Putting aside the unsurprisingly chauvinistic description of the “nice little girl,” I have to say I feel immediate sympathy for the Pink Lady drinkers of the 1950’s. Before I knew anything about cocktails, I was pretty intimidated by ordering at a bar. I would definitely select something with an appealing name, or point at the pretty drink the bartender was making for someone else and say I wanted one of those. I imagine we all have. So I say there’s no shame in drinking a Pink Lady.
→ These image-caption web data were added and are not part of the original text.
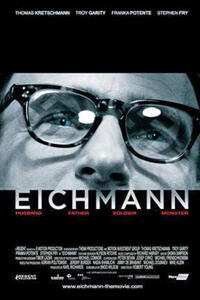 Poster art for "Eichmann"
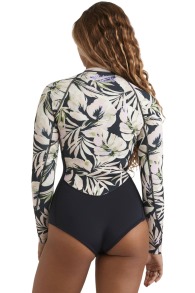 Billabong-Salty Dayz 2/2 LS Spring Shorty Women Wetsuit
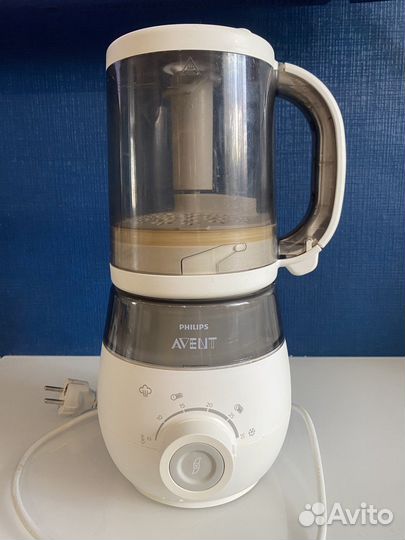 Пароварка philips avent 4в1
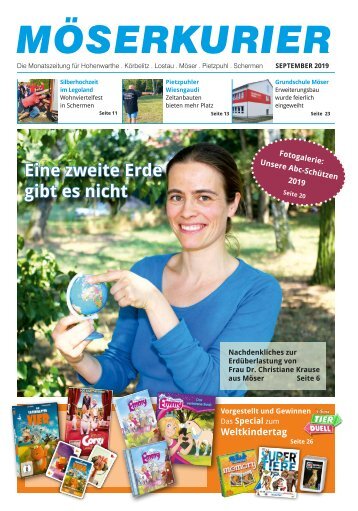 MÖSERKURIER Ausgabe 09/2019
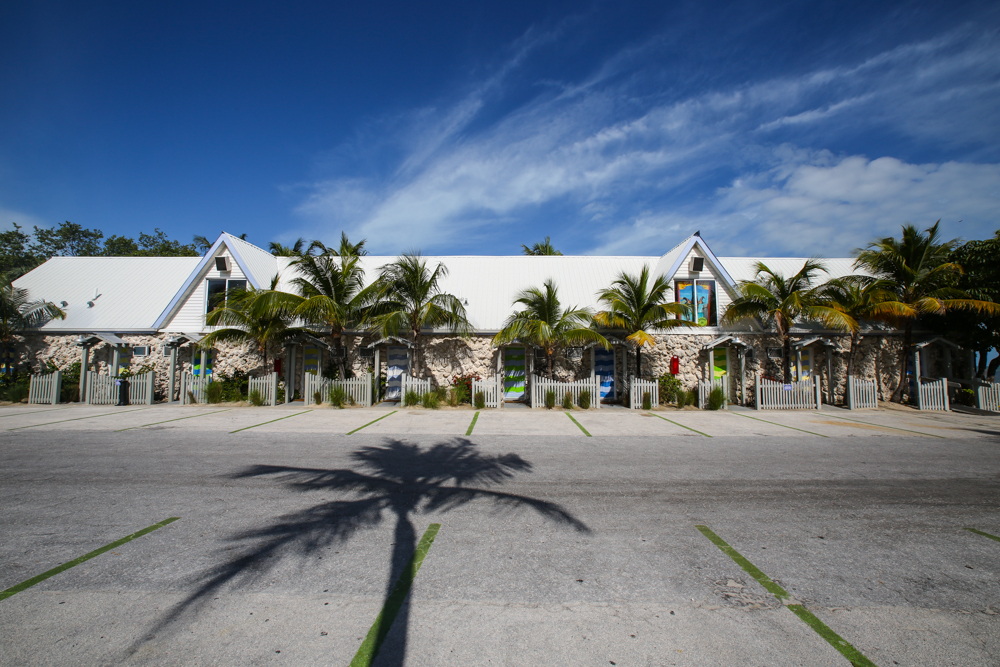 Hotel am Strand auf Key West Florida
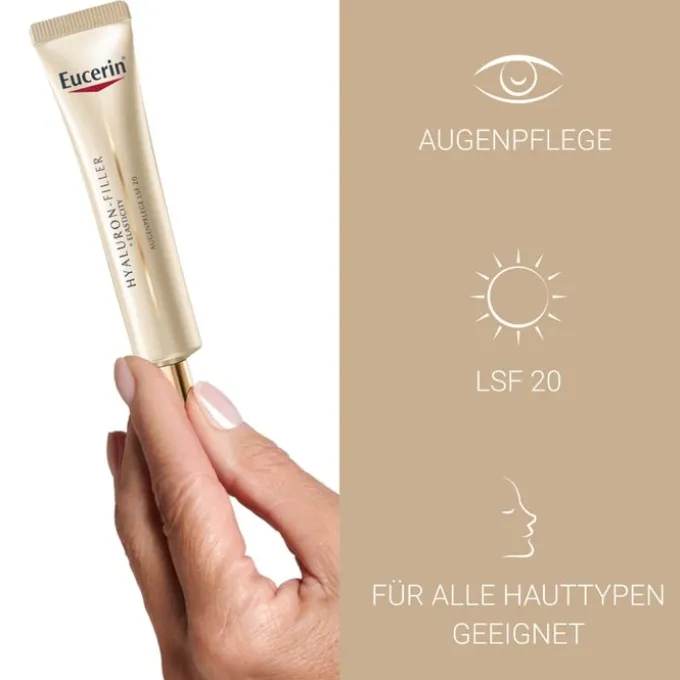 EUCERIN Anti-Age Hyaluron-Filler+Elasticity Auge 15 ml
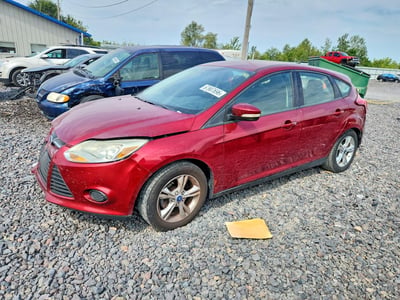 1FADP3K23EL****** 2014 Ford Focus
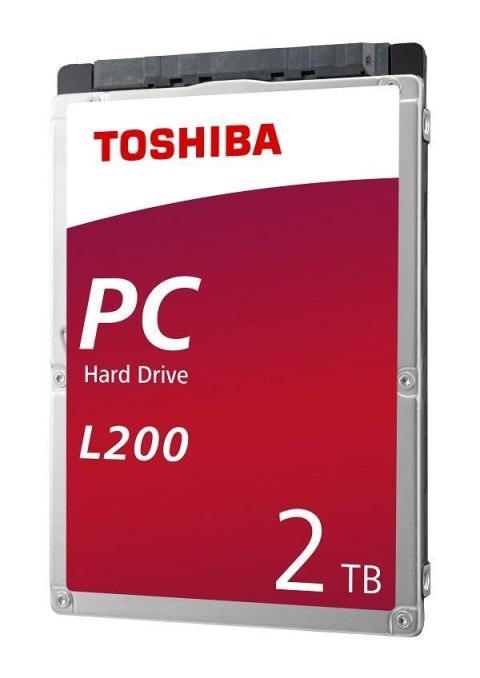 Dysk Toshiba L200 Mobile 2TB 2,5" 5400 128MB SATA III BULK TOSHIBA
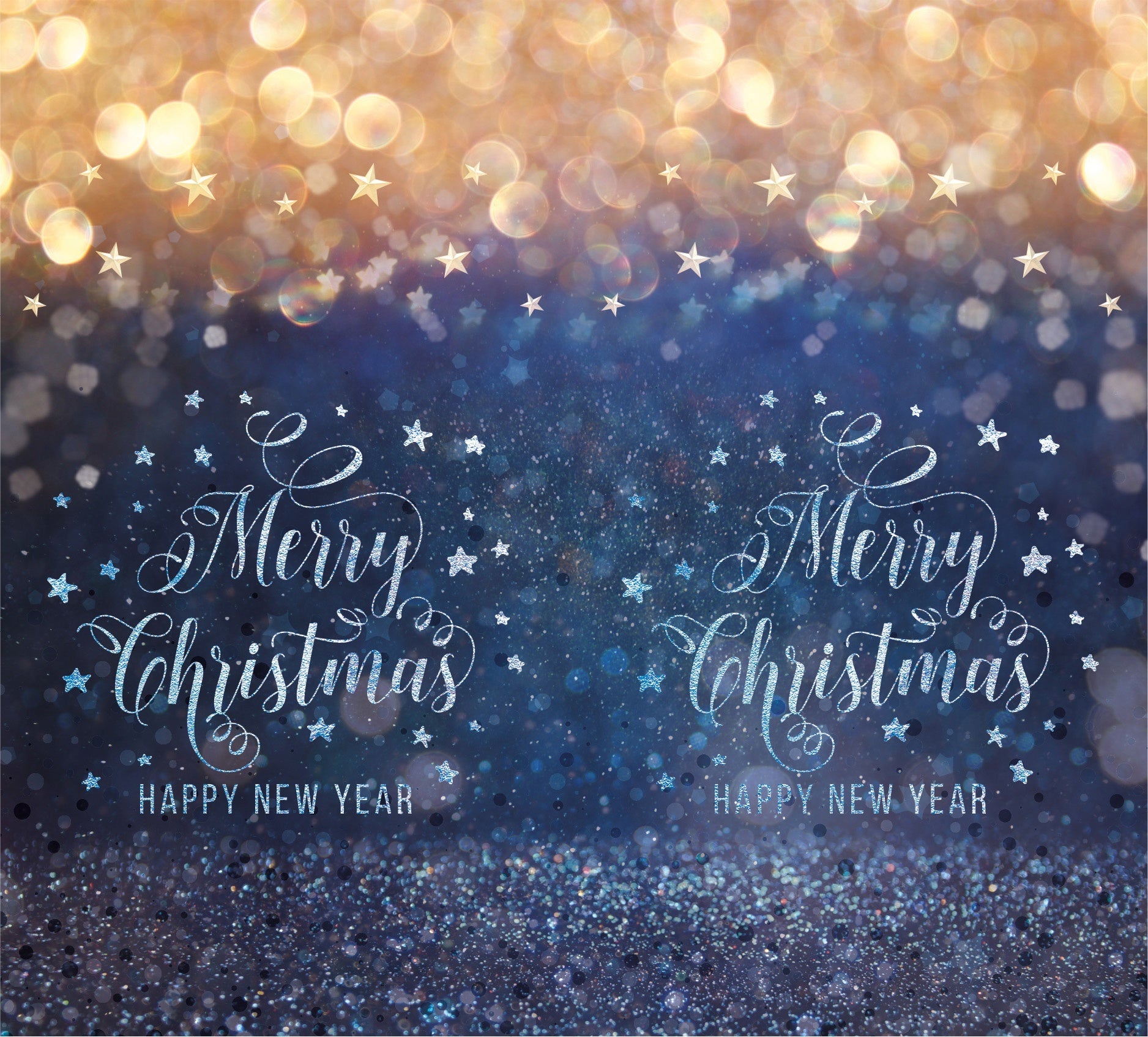 Studio Light Shrink Sleeve 12.5"X11.25" - Christmas & New Year, Bottle Size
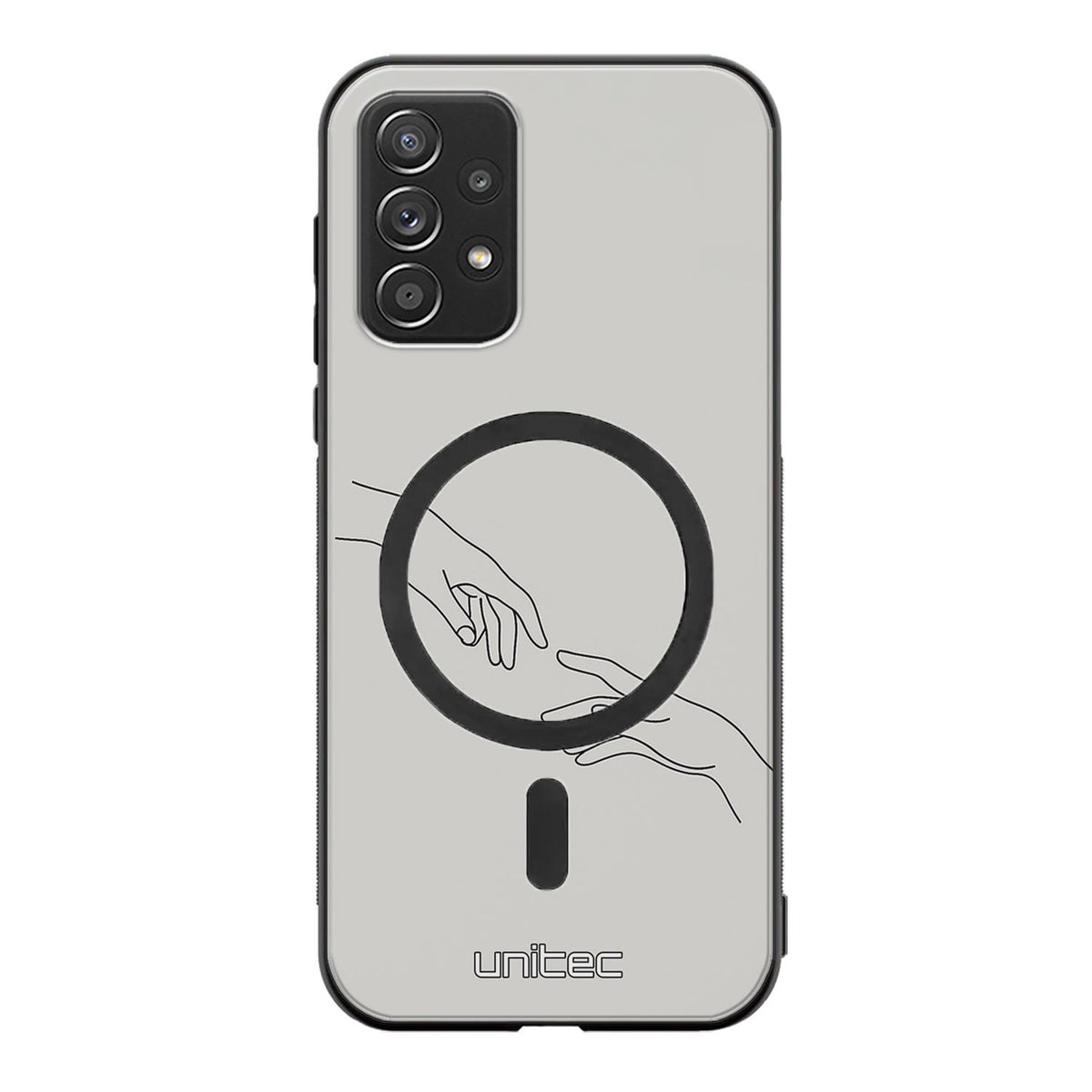 Samsung Galaxy A52 5G Suojakuoret Minimalistic – Touch Of Lines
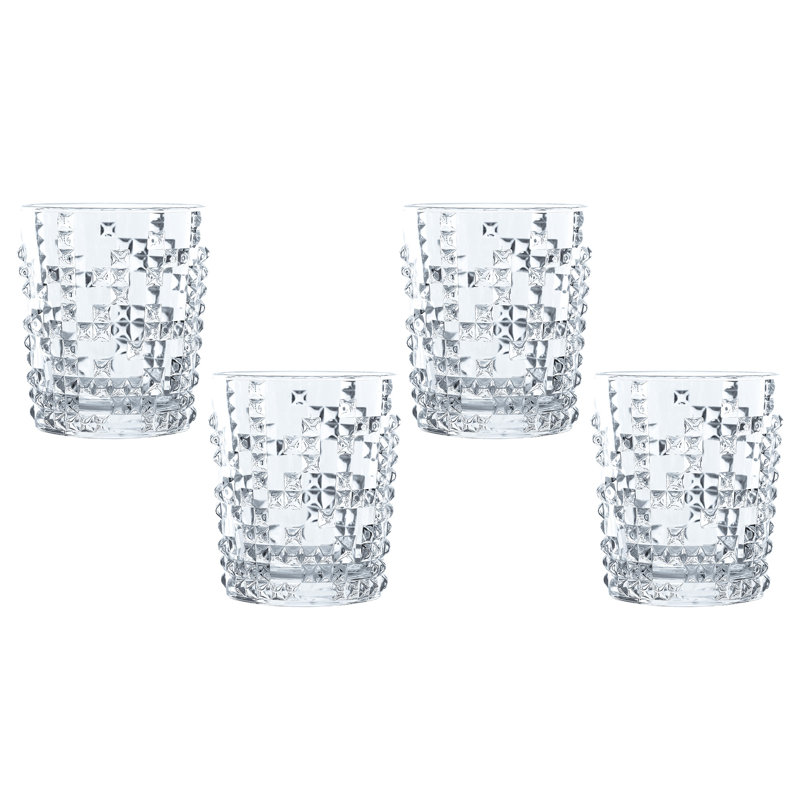Ensemble de 4 verres à whisky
Still, Townsend’s description cemented the Pink Lady’s reputation as a girly drink for girls who don’t drink, and this led to a definite decline in popularity. I imagine that the inclusion of grenadine and egg white, two ingredients that are so easy to get wrong, did not help. These days the Pink Lady can be found on cocktail menus once again, and finally commands a bit of the respect that she deserves.

Pink Lady

 

Pink Lady

1 1/2 oz. gin
1/2 oz. applejack
3/4 oz. lemon juice
1/2 egg white (1/2 – 3/4 oz.)
2 dashes (1/4 tsp.) grenadine

Basic instructions: combine all ingredients in a shaker with ice and shake very well. Strain into a coupe glass and garnish with edible flowers or a brandied cherry.

To really master that foam: I’ve had the best success with the “reverse dry shake” method. A dry shake is when you shake the cocktail without ice first. However, when you do this with a warm cocktail, I often find that the shaker doesn’t make a nice seal and tends to leak, and the foam doesn’t form as well during that second shake with ice. So for a reverse dry shake, combine all your ingredients in a shaker with ice (I like a Boston shaker rather than a cobbler shaker, as there’s more distance for everything to go with each shake) and shake very well until it’s chilled. Then strain the cocktail and dump the ice. You’ll probably see some foam, but nothing close to the perfect, frothy layer you’re aiming for. So return the cocktail to the shaker and do another, longer round of shaking without the ice. For best results, throw in a blender ball or spring to help whip the egg. (I literally use one of these.) Shake it for at least 60 seconds. And I mean count with full Mississippis – 60 seconds is longer than you think, especially when your arms are getting tired. Strain into a coupe glass, open pouring the last bit to get the final, thick drops of foam.

Recipe adapted from Vintage Spirits and Forgotten Cocktails.